Joe Duran and United Capital Financial Partners turn the equation on its head.

David J. Drucker, 04/20/2006

Listen to folks who make their living in the practice succession/transition marketplace, and they'll tell you to build value in your practice before you sell it.

Heck, that's just common sense isn't it? Perhaps, but the insinuation is that you'll never realize that value in your selling price if you don't create it yourself. Yet, that's not always true. A firm buying up advisory practices--United Capital Financial Partners, a Nevada holding company--stakes its success on just the opposite philosophy: Help advisors build value after they sell and then let them share in the increased valuation.

Explains Joe Duran, United Capital's CEO and co-founder, this is how United Capital differs from roll-up firms, the best-known of which is probably National Financial Partners. "We buy a firm and create a sum that's greater than its parts. Roll-ups don't traditionally do this. NFP is focused primarily on creating a size arbitrage. They don't typically change the value of the underlying business, so they must keep doing more and more acquisitions to keep up the value of the total entity."

Duran, the author of two books on investing and business creation, spent the last decade building Centurion Capital Management Corp., a multibillion-dollar-under-management firm he and his partners sold to General Electric's GE Financial in 2001. He says United Capital usually increases a seller's revenues by 40% in the first six months after acquisition.

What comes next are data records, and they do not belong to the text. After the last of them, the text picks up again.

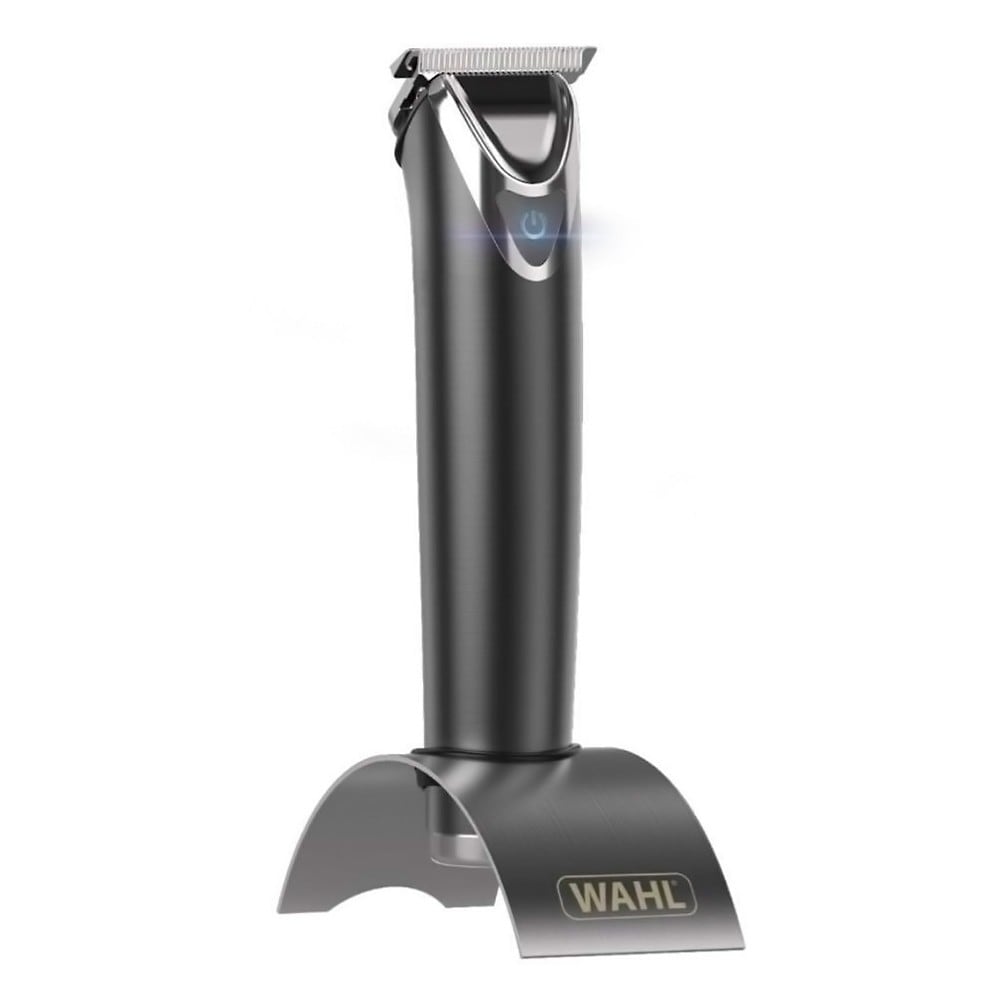 ステンレスマルチグルーミングトリマー 電気シェーバー 家庭用 人用 WAHL ウォール 充電式 防水仕様 10段階アタッチメントコーム 3種類のヘッド チタン WT6402 ◆宅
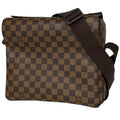 Louis Vuitton Naviglio Shoulder Bag Damier Brown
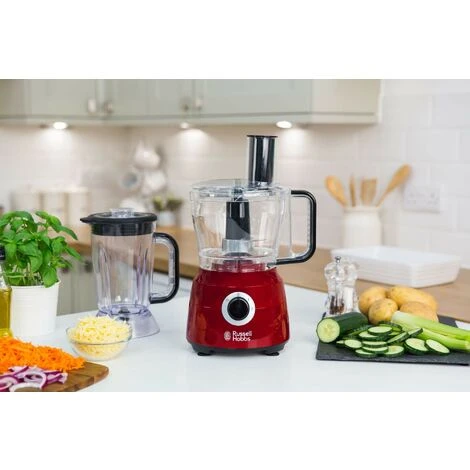 Russell Hobbs Robot Da Cucina, Ciotola 2.5 L, Gancio Impastatrice Incluso, Frullatore Elettrico (+bicchiere 1.5 L), Accessorio Per Emulsioni, 600 W, 1.5 L, 2 Velocita', Desire Rosso, 24730-56 7 Russell Hobbs Robot Da Cucina, Ciotola 2.5 L, Gancio Impastatrice Incluso, Frullatore Elettrico (+bicchiere 1.5 L), Accessorio Per Emulsioni, 600 W, 1.5 L, 2 Velocita', Desire Rosso, 24730-56 - immagine 5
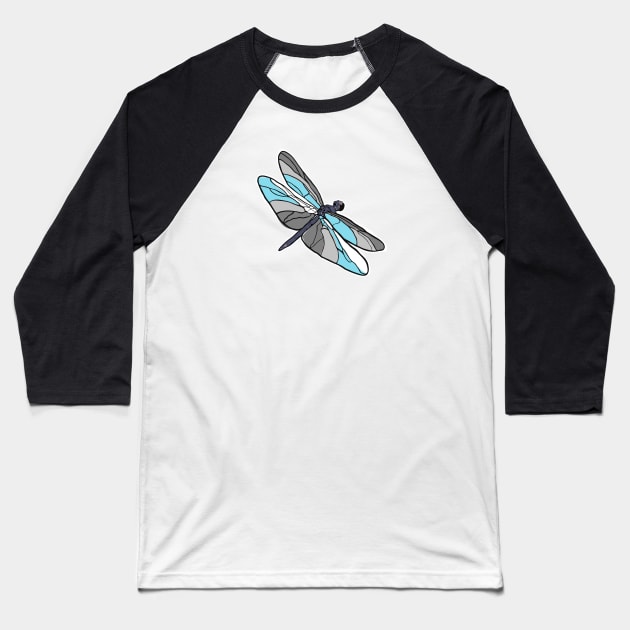 Demiboy Dragonfly Baseball T-Shirt by theartfulscientist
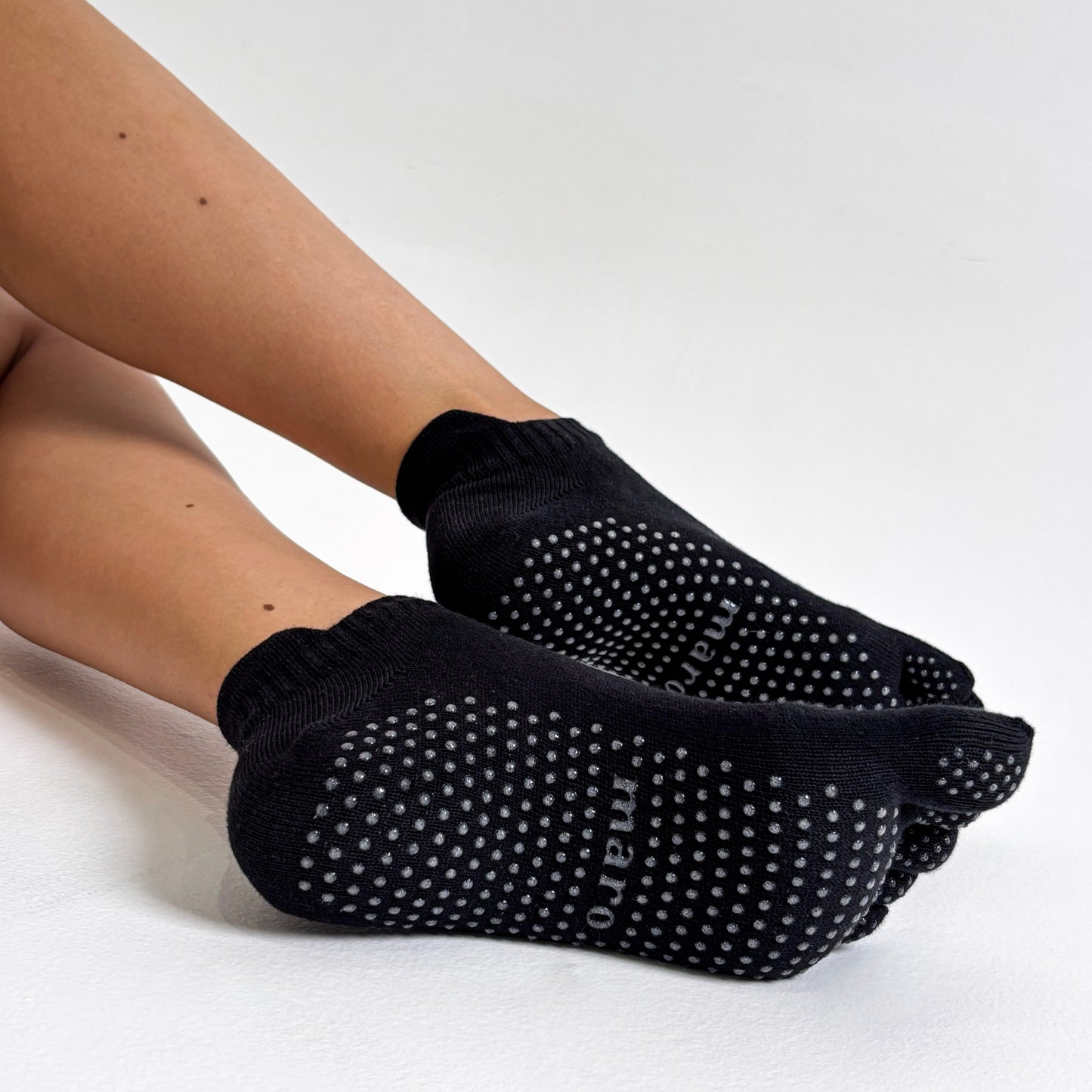 Organic Cotton Grip Toe Socks (No Show)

In fact, says Duran, their system works with both commission- and fee-based firms. A commission-based practice they acquired in September with $1.1 million in revenues is on track to realize $1.9 million in revenues for 2006; an investment advisory practice they purchased earlier in 2005 increased from $700,000 in revenues to $1.2 million over the next year.

"We are a true strategic partner. We increase both the acquired firm's assets and revenues while reducing the amount of work to the seller. In short, we make it more about the business than the principal, and that has a positive effect on value." As a side benefit, says Duran, client relationships usually improve in the process.

But let's start from inception: How might this process work from beginning to end? Assuming the selling firm meets United Capital's qualifications (more about this later), the seller is characterized based upon his or her personal desire to remain with the business. "Some sellers want to walk away immediately, some want to buy out a senior partner, others want a timed exit, and still others want to stick around and manage their firms--now a part of a larger entity--indefinitely," says Duran.

This ultimately affects the sales price because, in negotiating that price, sellers buy back their compensation, so to speak. That is, they decide what portion of their existing net cash flow they want to keep as their compensation for the managerial work they will perform for the business going forward. "Employment agreements are typically a minimum of two years, unless the seller needs to walk away immediately," says Duran.

The purchase price they receive is based on the remaining cash flow, which they may take in the form of cash, notes, or United Capital stock. Finally, as they participate with United Capital to build the assets and revenues of their business, they receive a negotiated percentage of incremental revenues.